Global ratings heavyweight, Standard & Poor's, has downgraded its outlook on state-owned national grid operator Transpower from stable to negative, following a Government threat to regulate its pricing.
S&P also warned other electricity and gas lines businesses could face a similar fate, as competition watchdog, the Commerce Commission, flexed its regulatory muscle.
The ratings agency affirmed Transpower's AA-/A-1+ corporate credit rating, but said it could "weather some short-term weakening".
The Commerce Commission announced in December it intended to take control of Transpower.
As a monopoly, Transpower is subject to a regulatory regime that restricts its price rises to the rate of inflation minus 1 per cent.
Last week the commission released a report showing Transpower breached its thresholds by $14.3 million in 2004/05 and by $35.8 million in 2005/06.
The commission said it would decide by March 31 whether to impose controls on Transpower's prices, which would benefit consumers.
S&P credit rating analyst, Justin Davey, said the commission's report "cast serious doubt on Transpower's ability to apply future charges that are sufficient to protect its credit profile should the company continue with its grid upgrade plan."

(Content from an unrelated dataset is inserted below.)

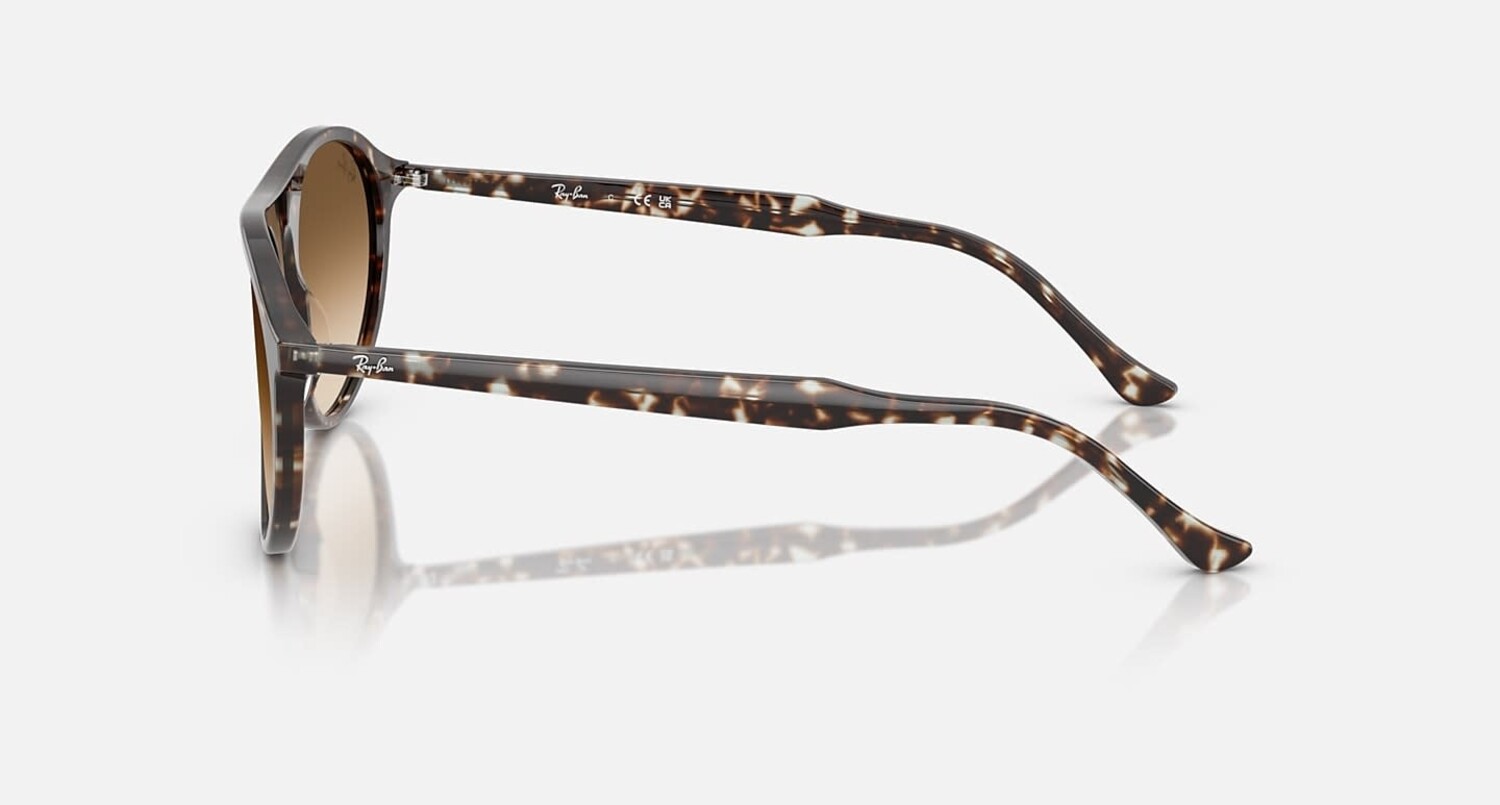 Ray-Ban Gradient Sunglasses. RB2215 Ray-Ban RB2215 Square Sunglasses - Blue Turtle | Hibbett main image 4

"Transpower has headroom under its rating to weather some short-term weakening in its credit profile," Mr Davey said.
"However, should uncertainty persist in how price regulation is determined, there exists the risk that Transpower's corporate credit rating could be downgraded."
In April 2004, Transpower raised its prices by 13 per cent for most of the power companies it supplies, and this was passed on to consumers.
Last November, it flagged a 19 per cent price increase in April this year and said it needed an average 13 per cent rise in the next five years to pay for its investments in the grid.
Mr Davey said the "shadow of regulatory intervention" meant S&P would closely monitor other lines companies, including the NZX-listed Vector.